MS Keyrun Dataset Dimensions
Sarah Gaichas
15 April, 2024
Source:vignettes/DatasetDimensions.Rmd
DatasetDimensions.Rmd
Proposed Dimensions
Years: 1968-2019
All surveyed agreed to end with the complete year of data 2019 to be as up to date as possible. Start year is the earliest survey year where both spring and fall are available.
Seasons: Annual fisheries, Seasonal surveys
Pull annual data for fisheries, pull annual survey maintaining seasons as “spring”, “fall” etc. for each year. Many models use annual catch so further resolution is unnecessary; modelers can choose to fit seasonal survey indices separately or combine to a single annual value from seasonal (documenting methods).

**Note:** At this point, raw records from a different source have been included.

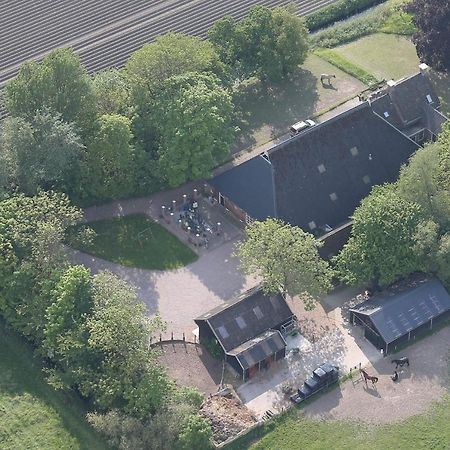 Appartement met eigen sauna en sport-en spelruimte Ee Buitenkant foto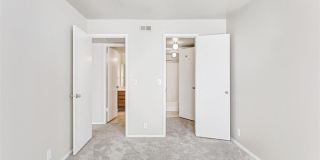 James Pointe Apartments Gallery 189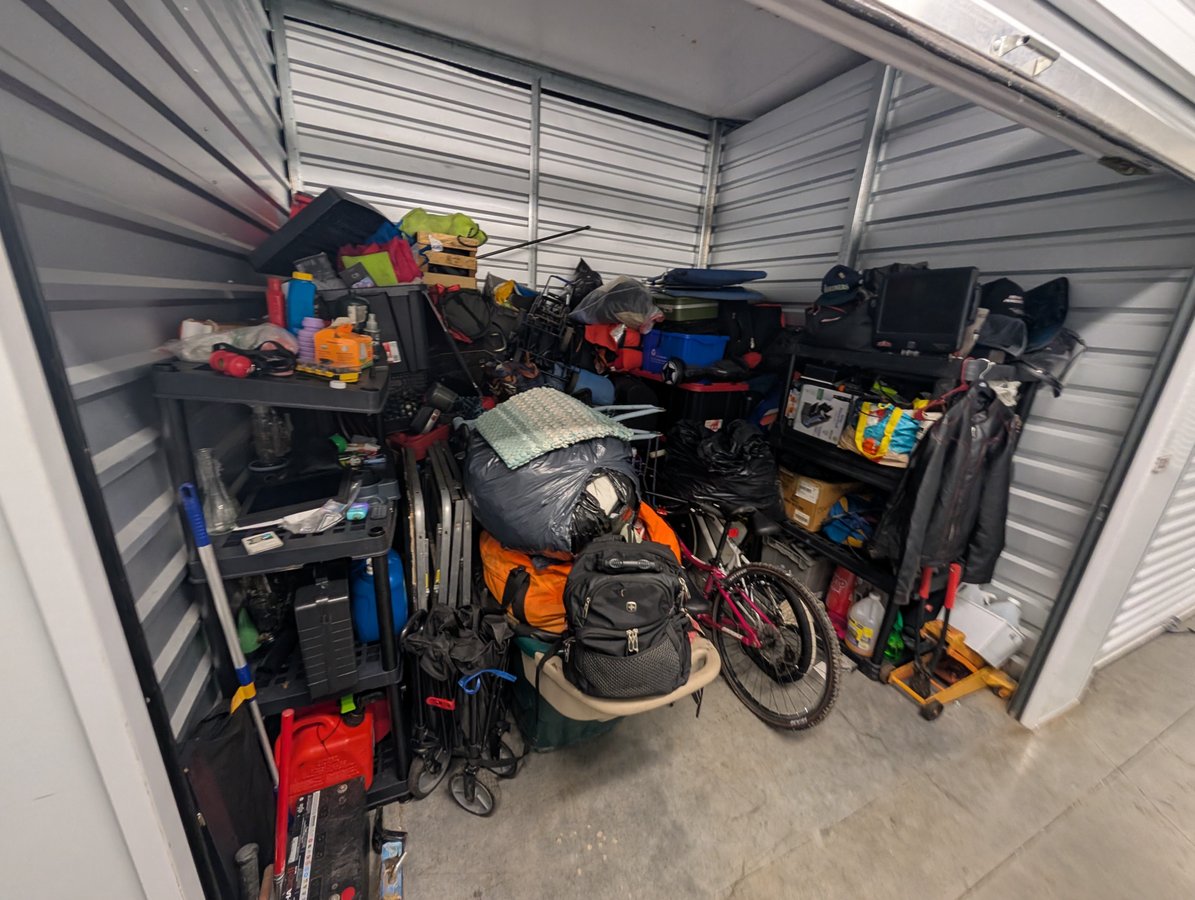 10 x 10 storage unit in Tacoma, WA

Spatial: 2 Approaches for Georges Bank
Ideal: Define using Georges Bank EPU, scale fisheries catch for each species from stat areas to GB EPU footprint using ratios in spatially explicit VTR subset of catch data. Work towards this ideal, comparing coverage of VTR data by species and different methods for scaling as part of data documentation. Consult with ADIOS team and assessment experts to see if results look reasonable.
The ideal is time-consuming and cannot be started until mid-late September 2020 at the earliest.
Interim: Define using fishery statistical areas (521-522, 525-526, 551-552, 561-562) and match survey data as much as possible to these. It is easier to map survey strata to larger fishery areas than the other way around; Sean can share code which may be modified by Gavin’s student to achieve this.
The interim represents the upper bound of what catch would be by species for comparison to the ideal approach and can be implemented fairly quickly.
Other notes
By either spatial definition, inshore survey strata should not be relevant to Georges Bank, so the beginning and end years remain as above, and there should not be a need to combine inshore and offshore surveys using Conn method or VAST for Bigelow years.
The group decided that the base dataset would pull survey data separately for the Albatross and Bigelow years without applying any conversion factors. These separate series can be used as indices in the structured models (MSCAA and Hydra).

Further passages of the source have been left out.